To demonstrate the utility of our meta-metrics, we analyze metrics from both basketball (NBA) and hockey (NHL), including both traditional and “advanced” (model-derived) metrics. We scraped data relevant for over 70 NBA metrics from all players and seasons from the year 2000 onwards from basketball-reference.com (Sports Reference LLC 2016a). We also scraped data for 40 NHL metrics recorded from the year 2006 onwards (Sports Reference LLC 2016b). For both seasons we use regular season data only. We also use the R package *nhlscrapr* to gather NHL gamelog data. Where appropriate, we normalized metrics by minutes played or possessions played to ameliorate the impact of anomalous events in our data range, such as injuries and work stoppages; this approach sacrifices no generality, since minutes/possessions can also be treated as metrics. In the Appendix, we provide a glossary of all of the metrics evaluated in this paper. A repository for the replication code is available on GitHub: https://github.com/afranks86/meta-analytics.

### 4.1 Analysis of NBA metrics

In Figure 1 we plot the stability and discrimination meta-metrics for many of the NBA metrics available on basketball-reference.com. When computing the discrimination and stability meta-metrics, we exclude data from players with fewer than 250 minutes played in a season. This leads to 5182 player-seasons of data from the year 2000 onwards. Discrimination scores are estimated from gamelog data for the year 2015 only. There were no minutes or sample size restrictions for the independence analyses: 7507 player-seasons of data from the year 2000 onwards were used for these analyses.

For basic box score statistics, discrimination and stability scores match intuition. Metrics like rebounds, blocks and assists, which are strong indicators of player position, are highly discriminative and stable because of the relatively large between player variance. As another example, free throw percentage is a relatively non-discriminative statistic within-season but very stable over time. This makes sense because free throw shooting requires little athleticism (e.g., does not change with age or health) and is isolated from larger team strategy and personnel (e.g., teammates do not have an effect on a player’s free throw ability).

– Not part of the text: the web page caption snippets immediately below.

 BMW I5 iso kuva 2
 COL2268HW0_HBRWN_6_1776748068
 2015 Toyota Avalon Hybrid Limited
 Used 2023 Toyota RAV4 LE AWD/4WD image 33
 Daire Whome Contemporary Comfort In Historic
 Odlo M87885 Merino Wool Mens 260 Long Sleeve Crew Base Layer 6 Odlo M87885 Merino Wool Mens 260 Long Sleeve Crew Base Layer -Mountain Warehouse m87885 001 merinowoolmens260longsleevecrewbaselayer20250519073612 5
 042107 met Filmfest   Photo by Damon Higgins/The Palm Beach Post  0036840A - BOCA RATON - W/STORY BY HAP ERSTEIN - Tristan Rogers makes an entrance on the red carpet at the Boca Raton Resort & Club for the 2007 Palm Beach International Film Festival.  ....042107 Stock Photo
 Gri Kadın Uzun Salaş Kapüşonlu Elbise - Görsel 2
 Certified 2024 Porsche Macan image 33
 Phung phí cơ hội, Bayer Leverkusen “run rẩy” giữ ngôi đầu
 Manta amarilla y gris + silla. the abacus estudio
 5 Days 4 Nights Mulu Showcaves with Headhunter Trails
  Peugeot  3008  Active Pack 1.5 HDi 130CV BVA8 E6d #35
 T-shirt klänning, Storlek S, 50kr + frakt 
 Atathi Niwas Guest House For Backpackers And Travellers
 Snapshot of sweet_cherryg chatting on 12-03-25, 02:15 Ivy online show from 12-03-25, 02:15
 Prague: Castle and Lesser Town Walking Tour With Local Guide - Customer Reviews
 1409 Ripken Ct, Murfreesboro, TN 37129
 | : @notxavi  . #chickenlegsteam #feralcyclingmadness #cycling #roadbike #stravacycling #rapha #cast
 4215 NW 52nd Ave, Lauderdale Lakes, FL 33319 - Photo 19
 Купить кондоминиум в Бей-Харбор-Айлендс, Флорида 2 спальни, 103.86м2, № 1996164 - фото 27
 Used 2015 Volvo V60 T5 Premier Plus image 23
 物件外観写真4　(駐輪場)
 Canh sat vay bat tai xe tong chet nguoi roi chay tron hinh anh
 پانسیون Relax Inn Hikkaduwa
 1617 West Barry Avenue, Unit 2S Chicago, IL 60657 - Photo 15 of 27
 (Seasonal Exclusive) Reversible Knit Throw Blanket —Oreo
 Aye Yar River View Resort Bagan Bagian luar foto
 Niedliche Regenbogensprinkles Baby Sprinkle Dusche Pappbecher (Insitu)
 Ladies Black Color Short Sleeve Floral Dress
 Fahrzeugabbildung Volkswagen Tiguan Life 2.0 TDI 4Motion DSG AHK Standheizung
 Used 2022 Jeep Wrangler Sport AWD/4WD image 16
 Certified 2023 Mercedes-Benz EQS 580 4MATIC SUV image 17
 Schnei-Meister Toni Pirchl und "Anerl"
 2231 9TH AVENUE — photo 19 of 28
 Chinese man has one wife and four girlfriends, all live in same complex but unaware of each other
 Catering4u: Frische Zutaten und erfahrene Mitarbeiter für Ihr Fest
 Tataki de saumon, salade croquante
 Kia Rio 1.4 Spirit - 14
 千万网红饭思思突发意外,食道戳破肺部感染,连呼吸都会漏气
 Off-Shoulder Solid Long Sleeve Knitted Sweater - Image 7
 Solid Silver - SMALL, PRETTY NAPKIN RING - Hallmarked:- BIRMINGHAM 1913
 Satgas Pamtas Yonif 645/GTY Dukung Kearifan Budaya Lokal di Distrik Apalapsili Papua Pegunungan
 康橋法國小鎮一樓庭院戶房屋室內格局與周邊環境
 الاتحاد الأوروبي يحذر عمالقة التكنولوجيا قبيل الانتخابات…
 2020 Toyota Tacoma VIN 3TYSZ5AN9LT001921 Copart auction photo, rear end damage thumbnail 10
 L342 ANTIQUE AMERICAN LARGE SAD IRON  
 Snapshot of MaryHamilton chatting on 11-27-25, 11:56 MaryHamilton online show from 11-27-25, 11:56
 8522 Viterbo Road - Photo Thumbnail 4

Our results also highlight the distinction between pure rate statistics (e.g., per-game or per-minute metrics) and those that incorporate total playing time. Metrics based on total minutes played are highly discriminative but less stable, whereas per-minute or per-game metrics are less discriminative but more stable. One reason for this is that injuries affect total minutes or games played in a season, but generally have less effect on per-game or per-minute metrics. This is an important observation when comparing the most reliable metrics since it is more meaningful to compare metrics of a similar type (rate-based vs total).

WS/48, ORtg, DRtg and BPM metrics are rate-based metrics whereas WS and VORP based metrics incorporate total minutes played (Sports Reference LLC 2016a). WS and VORP are more discriminative than the rate based statistics primarily because MP increases discrimination, not because there is stronger signal about player ability. Rate based metrics are more relevant for estimating player skill whereas total metrics are more relevant for identifying overall end of season contributions (e.g. for deciding the MVP). Since these classes of metrics serve different purposes, in general they should not be compared directly. Our results show moderately improved stability and discriminative power of the BPM-based metrics over other rate-based metrics like WS/48, ORTg and DRtg. Similarly, we can see that for the omnibus metrics which incorporate total minutes played, VORP is more reliable in both dimensions than total WS.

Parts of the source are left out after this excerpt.